Ithaca College Quarterly 2005/1



Final Word

Katrina and Global Warming

Jason Hamilton

A global change scientist explains the connection.

by Jason Hamilton

It is hard to comprehend the magnitude of the disaster called Hurricane Katrina. More than 1,000 people lost their lives, and bodies are still being found. Hundreds of bodies have yet to be identified, hundreds of thousands of people are displaced from their homes, and hundreds of thousands are jobless.

As a global change scientist, I have been asked over and over if the Katrina disaster was caused by global warming. We hear about global warming in the media, at parties. It is being discussed at congressional hearings, in scientific journals, at the United Nations. People are concerned (with good reason) that the images of Katrina might be the images of future global climate change.

As I write this I am attending the United Nations Convention on Climate Change in Montreal. Ithaca College was accepted as an observer to the convention and, thanks to a most generous show of support by many parts of the college, four faculty and staff members are accompanying 18 IC students as official delegates. As the students are learning first-hand, climate change is really not a controversial issue. Global warming is real. It is already happening. We can see its effects, and international organizations are already working to help the countries of the world adapt. As far as the vast majority of the scientific community is concerned (including every major national academy of science in the world), global warming is here, it is primarily caused by people, and the only real question left is how bad is it going to get.

Because of their destructive nature, we have devoted much research to hurricanes and know a lot about them. We know the conditions under which they form, we know how they are powered, we can even generally predict how many there will be in a given season. Because we know that hurricanes are powered by heat in ocean water and that global warming is increasing the heat content of the oceans, scientists have worried for years that global warming might increase the intensity of hurricanes. But is it the case? Are we seeing more powerful hurricanes? Yes.

Ironically, just a couple of weeks before Katrina hit, the first observational study was published showing recent increases in hurricane intensity. Just after Katrina a separate study was published showing increased destructiveness of hurricanes.

Was Katrina caused by global warming? On an emotional level, this is what we all want to know. But that question is improperly asked. Let me give you an analogy. If a loved one of yours who smoked for several years developed lung cancer, could you say, with absolute certainty, that smoking caused her cancer? No. Some people who smoke would get cancer anyway, some people who smoke will never develop cancer, and some people who have never smoked will develop cancer. At present we can't make definitive statements about any particular occurrence of cancer, but we can say, for sure, that smoking increases one's chances of getting cancer.

While we can't ask whether or not Katrina was caused by global warming (because global warming doesn't work like that), it is probably the case that Katrina was made worse by global warming and that we will see more killer hurricanes in the future.

So, what is the answer to the question, Was the Katrina disaster caused by global warming?

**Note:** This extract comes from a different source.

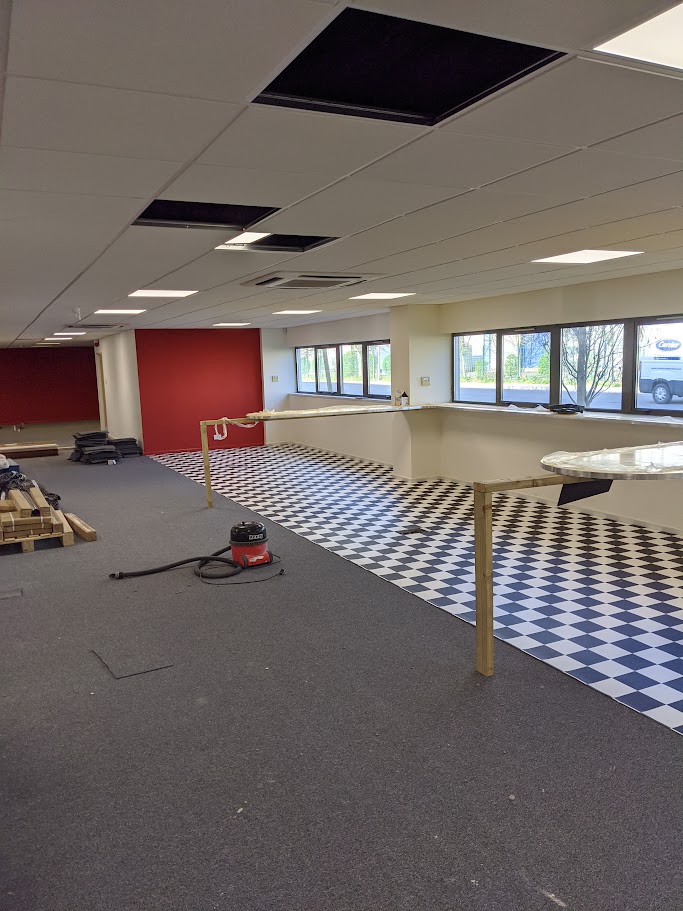 Sparkle clean being carried out for a commercial handover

In light of what I have just told you, how can I be so definitive? It is because whatever the connection between Katrina and global warming, it was not a natural disaster. The hurricane was "natural," but the disaster was a good old manmade one. We have known for years that Katrina (or her like) was coming. New Orleans has been sinking since the 1940s. In 1965 large parts of New Orleans were flooded by Hurricane Betsy -- the United States' first billion-dollar hurricane. We knew the levees were designed to withstand only a fast-moving category 3 hurricane, and several federal agencies were well aware that there was no adequate evacuation plan for the poor of New Orleans. Add to this the predictions of climate scientists for increased hurricane intensity and rising sea levels from global warming, and the only question about Katrina was when.

Now we know: August 30, 2005. The next question is only, how long before it happens again?

Jason Hamilton is an assistant professor in the Ithaca College Department of Biology and environmental studies program. An eco-physiologist and global change biologist, he particularly studies the effects on ecosystem functions of elevated carbon dioxide in the atmosphere.